[ASSIGNMENT] Please copy out the entries below exactly, beginning with the line that contains "Miu Miu: Navy" and ending with the line that contains "Zur Karte Der", and include nothing outside that span.

[DATA IN THIS EXERCISE]
──────────
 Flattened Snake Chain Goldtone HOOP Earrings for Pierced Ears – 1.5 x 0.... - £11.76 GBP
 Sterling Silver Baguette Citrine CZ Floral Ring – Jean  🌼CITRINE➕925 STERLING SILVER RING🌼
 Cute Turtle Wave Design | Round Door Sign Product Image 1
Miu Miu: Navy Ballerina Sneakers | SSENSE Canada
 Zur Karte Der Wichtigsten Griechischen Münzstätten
──────────
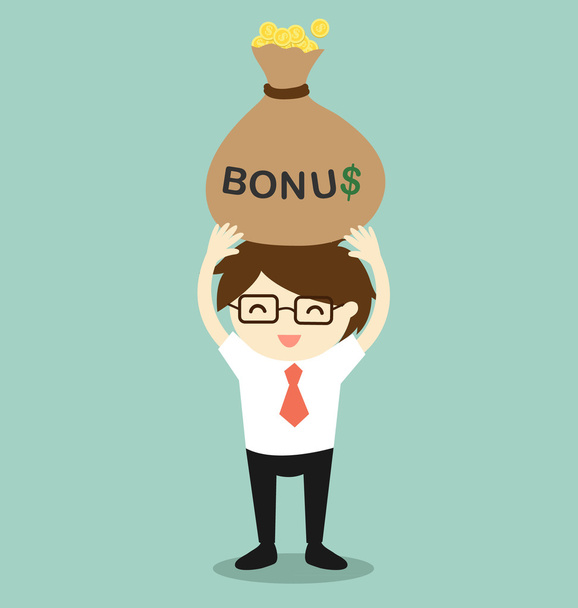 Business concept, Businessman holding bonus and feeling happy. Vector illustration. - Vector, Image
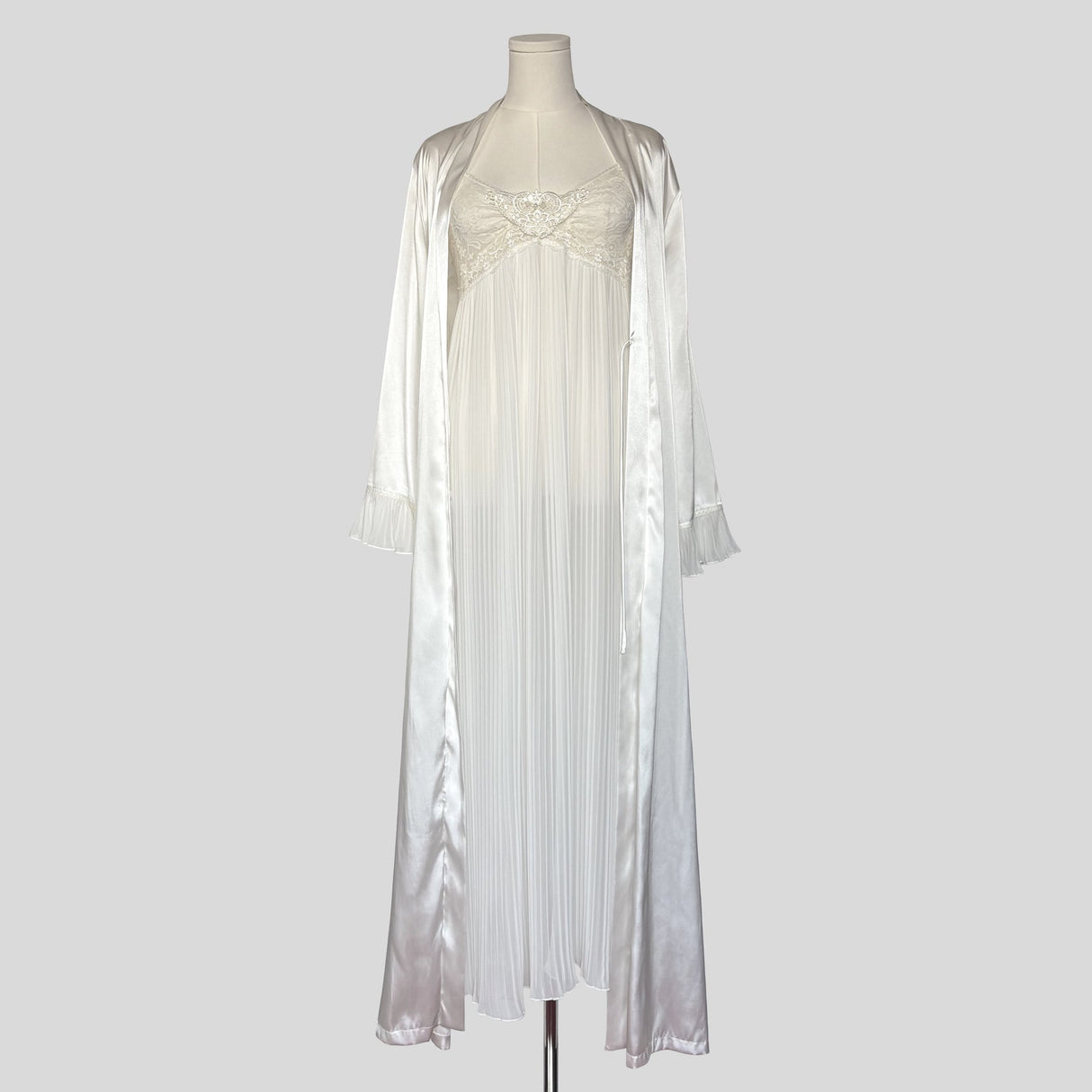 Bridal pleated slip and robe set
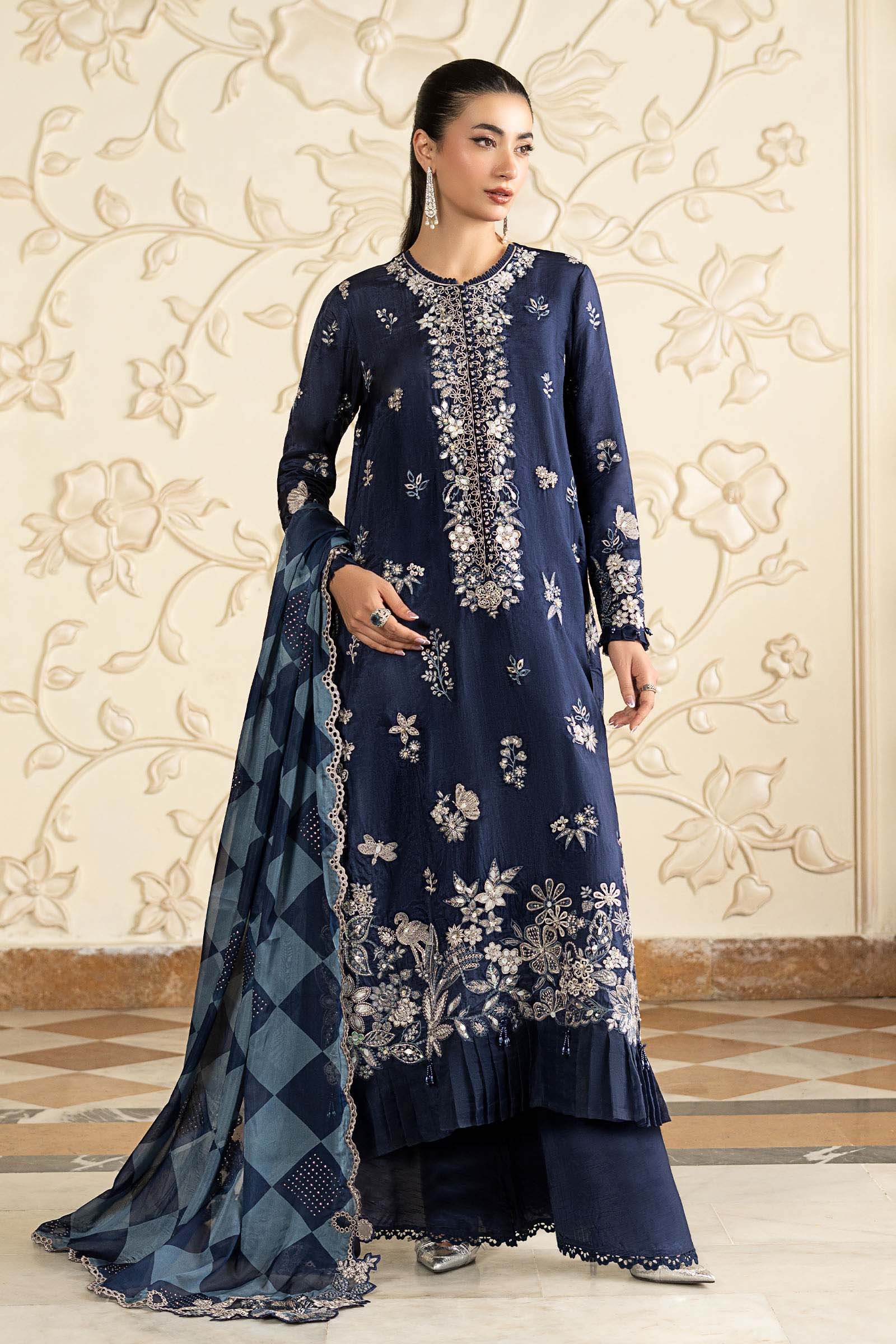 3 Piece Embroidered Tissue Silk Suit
──────────
[RESULT]
Miu Miu: Navy Ballerina Sneakers | SSENSE Canada
 Zur Karte Der Wichtigsten Griechischen Münzstätten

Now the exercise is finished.